▸ DATA:
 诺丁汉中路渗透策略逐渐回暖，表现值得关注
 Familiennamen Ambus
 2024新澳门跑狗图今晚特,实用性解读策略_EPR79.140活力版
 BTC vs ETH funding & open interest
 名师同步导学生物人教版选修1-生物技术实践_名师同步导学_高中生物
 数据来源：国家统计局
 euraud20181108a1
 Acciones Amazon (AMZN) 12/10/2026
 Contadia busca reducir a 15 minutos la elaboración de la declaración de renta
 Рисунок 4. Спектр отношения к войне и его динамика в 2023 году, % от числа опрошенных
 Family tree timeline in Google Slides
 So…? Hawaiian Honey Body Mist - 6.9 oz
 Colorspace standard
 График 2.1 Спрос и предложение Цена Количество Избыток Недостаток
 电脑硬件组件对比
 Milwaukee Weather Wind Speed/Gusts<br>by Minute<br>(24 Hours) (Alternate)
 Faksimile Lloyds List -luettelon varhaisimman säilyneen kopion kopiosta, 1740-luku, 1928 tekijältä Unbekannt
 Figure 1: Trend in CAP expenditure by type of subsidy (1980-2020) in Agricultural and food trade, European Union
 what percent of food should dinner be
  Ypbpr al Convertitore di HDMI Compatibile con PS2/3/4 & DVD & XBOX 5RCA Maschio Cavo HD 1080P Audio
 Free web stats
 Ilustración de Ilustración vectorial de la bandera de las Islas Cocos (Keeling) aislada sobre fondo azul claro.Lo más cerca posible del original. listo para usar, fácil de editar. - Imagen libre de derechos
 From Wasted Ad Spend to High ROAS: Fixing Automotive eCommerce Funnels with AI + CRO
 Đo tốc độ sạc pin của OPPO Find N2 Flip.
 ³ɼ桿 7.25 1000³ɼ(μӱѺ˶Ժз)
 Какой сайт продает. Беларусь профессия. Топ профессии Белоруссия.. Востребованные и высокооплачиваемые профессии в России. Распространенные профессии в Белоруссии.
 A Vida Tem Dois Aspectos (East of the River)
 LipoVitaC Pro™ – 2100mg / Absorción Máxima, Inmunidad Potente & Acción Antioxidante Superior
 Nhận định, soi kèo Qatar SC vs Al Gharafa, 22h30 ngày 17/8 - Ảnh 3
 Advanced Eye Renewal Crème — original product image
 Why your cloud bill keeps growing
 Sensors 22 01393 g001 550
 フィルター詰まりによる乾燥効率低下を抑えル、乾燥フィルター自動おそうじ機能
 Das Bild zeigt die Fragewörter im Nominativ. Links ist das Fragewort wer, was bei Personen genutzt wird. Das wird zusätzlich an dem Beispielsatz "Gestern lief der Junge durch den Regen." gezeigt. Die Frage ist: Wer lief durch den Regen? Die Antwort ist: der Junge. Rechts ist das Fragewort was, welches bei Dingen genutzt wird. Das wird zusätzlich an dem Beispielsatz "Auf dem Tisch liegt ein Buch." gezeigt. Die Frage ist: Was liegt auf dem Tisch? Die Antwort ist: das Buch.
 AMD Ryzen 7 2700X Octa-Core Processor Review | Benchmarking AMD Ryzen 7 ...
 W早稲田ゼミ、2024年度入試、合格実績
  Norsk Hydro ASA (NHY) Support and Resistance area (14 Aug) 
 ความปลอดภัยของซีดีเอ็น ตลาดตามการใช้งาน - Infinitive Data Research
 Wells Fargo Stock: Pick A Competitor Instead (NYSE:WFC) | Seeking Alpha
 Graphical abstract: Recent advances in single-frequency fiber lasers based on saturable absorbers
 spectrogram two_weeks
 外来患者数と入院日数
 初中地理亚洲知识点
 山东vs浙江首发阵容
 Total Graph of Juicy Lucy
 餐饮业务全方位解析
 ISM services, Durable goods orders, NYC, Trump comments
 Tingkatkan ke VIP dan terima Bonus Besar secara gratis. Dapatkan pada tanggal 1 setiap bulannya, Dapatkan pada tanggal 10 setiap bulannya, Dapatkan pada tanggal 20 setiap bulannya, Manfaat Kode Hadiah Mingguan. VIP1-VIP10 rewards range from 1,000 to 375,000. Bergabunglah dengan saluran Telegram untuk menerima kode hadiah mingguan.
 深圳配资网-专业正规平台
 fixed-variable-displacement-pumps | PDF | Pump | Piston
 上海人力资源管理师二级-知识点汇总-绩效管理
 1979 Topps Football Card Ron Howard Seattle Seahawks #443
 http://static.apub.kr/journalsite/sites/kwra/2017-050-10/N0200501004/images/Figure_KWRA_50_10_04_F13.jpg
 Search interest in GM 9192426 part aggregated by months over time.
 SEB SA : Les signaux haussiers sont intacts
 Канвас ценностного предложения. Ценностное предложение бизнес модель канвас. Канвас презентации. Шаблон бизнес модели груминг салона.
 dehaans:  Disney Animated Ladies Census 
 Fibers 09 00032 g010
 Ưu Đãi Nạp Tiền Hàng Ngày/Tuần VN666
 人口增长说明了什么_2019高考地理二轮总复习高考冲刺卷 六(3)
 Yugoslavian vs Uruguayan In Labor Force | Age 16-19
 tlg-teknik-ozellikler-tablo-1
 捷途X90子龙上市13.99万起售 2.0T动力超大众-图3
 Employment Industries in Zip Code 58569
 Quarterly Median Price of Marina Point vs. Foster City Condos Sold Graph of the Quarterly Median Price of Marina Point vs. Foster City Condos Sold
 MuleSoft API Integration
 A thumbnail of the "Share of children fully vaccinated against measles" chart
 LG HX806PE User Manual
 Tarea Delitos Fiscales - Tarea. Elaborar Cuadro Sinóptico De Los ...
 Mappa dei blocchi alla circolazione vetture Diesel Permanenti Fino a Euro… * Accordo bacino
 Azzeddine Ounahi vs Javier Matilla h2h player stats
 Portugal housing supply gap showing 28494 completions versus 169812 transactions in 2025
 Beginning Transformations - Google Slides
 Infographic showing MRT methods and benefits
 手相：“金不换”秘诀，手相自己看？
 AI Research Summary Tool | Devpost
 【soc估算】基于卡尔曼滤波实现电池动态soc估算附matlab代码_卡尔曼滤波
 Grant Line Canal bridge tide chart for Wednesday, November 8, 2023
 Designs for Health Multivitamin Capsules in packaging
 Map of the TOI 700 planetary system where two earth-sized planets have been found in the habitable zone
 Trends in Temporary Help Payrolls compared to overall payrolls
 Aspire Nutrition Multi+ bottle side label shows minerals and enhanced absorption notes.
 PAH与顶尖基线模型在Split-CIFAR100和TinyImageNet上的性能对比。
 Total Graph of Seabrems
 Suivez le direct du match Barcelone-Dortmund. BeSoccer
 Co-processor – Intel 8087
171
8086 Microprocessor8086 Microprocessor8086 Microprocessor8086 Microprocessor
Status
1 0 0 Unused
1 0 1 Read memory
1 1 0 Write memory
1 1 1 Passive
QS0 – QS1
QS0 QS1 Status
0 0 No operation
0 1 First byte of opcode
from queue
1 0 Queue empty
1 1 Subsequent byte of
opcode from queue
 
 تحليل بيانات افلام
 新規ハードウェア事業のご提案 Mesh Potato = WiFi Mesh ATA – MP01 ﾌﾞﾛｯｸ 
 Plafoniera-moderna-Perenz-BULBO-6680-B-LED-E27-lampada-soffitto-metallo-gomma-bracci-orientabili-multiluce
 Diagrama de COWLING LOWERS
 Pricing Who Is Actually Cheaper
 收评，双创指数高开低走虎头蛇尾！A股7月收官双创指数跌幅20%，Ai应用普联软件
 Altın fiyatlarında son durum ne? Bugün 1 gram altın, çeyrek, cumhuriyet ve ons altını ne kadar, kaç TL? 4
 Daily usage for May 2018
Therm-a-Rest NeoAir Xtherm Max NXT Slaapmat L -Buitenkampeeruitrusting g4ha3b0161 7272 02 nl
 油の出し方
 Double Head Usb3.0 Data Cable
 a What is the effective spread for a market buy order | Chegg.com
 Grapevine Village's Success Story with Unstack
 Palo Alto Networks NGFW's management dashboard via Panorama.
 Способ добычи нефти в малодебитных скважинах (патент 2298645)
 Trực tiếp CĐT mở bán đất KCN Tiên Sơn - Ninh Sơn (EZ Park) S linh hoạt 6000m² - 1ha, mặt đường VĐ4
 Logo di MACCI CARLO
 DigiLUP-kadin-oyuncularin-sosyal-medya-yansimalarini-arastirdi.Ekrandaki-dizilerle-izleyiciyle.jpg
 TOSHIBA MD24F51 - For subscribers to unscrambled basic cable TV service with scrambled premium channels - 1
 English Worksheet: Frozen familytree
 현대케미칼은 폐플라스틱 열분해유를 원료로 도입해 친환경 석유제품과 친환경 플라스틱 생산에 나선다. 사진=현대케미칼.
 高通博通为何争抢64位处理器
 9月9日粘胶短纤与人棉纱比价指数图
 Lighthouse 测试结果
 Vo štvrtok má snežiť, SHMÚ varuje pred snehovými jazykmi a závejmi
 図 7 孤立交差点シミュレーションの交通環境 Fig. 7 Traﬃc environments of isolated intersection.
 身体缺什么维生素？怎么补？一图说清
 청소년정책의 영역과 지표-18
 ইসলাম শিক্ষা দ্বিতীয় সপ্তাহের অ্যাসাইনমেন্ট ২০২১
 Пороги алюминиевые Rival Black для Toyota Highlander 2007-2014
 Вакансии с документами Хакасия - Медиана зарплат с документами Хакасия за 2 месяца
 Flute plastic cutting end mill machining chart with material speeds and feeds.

▸ TASK INSTRUCTIONS: Beginning at the line above that contains "Free web stats", return each line exactly through the line that contains "フィルター詰まりによる乾燥効率低下を抑えル、乾燥フィルター自動おそうじ機能", and no others.

▸ TASK SOLUTION:
 Free web stats
 Ilustración de Ilustración vectorial de la bandera de las Islas Cocos (Keeling) aislada sobre fondo azul claro.Lo más cerca posible del original. listo para usar, fácil de editar. - Imagen libre de derechos
 From Wasted Ad Spend to High ROAS: Fixing Automotive eCommerce Funnels with AI + CRO
 Đo tốc độ sạc pin của OPPO Find N2 Flip.
 ³ɼ桿 7.25 1000³ɼ(μӱѺ˶Ժз)
 Какой сайт продает. Беларусь профессия. Топ профессии Белоруссия.. Востребованные и высокооплачиваемые профессии в России. Распространенные профессии в Белоруссии.
 A Vida Tem Dois Aspectos (East of the River)
 LipoVitaC Pro™ – 2100mg / Absorción Máxima, Inmunidad Potente & Acción Antioxidante Superior
 Nhận định, soi kèo Qatar SC vs Al Gharafa, 22h30 ngày 17/8 - Ảnh 3
 Advanced Eye Renewal Crème — original product image
 Why your cloud bill keeps growing
 Sensors 22 01393 g001 550
 フィルター詰まりによる乾燥効率低下を抑えル、乾燥フィルター自動おそうじ機能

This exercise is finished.